Supplied data =>
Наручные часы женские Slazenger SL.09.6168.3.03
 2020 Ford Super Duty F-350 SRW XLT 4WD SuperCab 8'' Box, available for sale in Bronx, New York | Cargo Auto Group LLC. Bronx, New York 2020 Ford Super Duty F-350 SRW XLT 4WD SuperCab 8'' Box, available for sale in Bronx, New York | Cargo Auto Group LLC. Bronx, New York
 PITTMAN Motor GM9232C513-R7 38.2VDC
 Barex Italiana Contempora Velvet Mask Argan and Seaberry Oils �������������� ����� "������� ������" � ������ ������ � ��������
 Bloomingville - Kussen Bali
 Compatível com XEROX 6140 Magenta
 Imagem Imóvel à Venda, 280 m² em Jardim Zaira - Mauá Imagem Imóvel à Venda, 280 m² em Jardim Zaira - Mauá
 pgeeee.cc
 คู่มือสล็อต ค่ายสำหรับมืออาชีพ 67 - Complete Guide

Exercise directions => Output every record above a second time, exactly.

Task result =>
Наручные часы женские Slazenger SL.09.6168.3.03
 2020 Ford Super Duty F-350 SRW XLT 4WD SuperCab 8'' Box, available for sale in Bronx, New York | Cargo Auto Group LLC. Bronx, New York 2020 Ford Super Duty F-350 SRW XLT 4WD SuperCab 8'' Box, available for sale in Bronx, New York | Cargo Auto Group LLC. Bronx, New York
 PITTMAN Motor GM9232C513-R7 38.2VDC
 Barex Italiana Contempora Velvet Mask Argan and Seaberry Oils �������������� ����� "������� ������" � ������ ������ � ��������
 Bloomingville - Kussen Bali
 Compatível com XEROX 6140 Magenta
 Imagem Imóvel à Venda, 280 m² em Jardim Zaira - Mauá Imagem Imóvel à Venda, 280 m² em Jardim Zaira - Mauá
 pgeeee.cc
 คู่มือสล็อต ค่ายสำหรับมืออาชีพ 67 - Complete Guide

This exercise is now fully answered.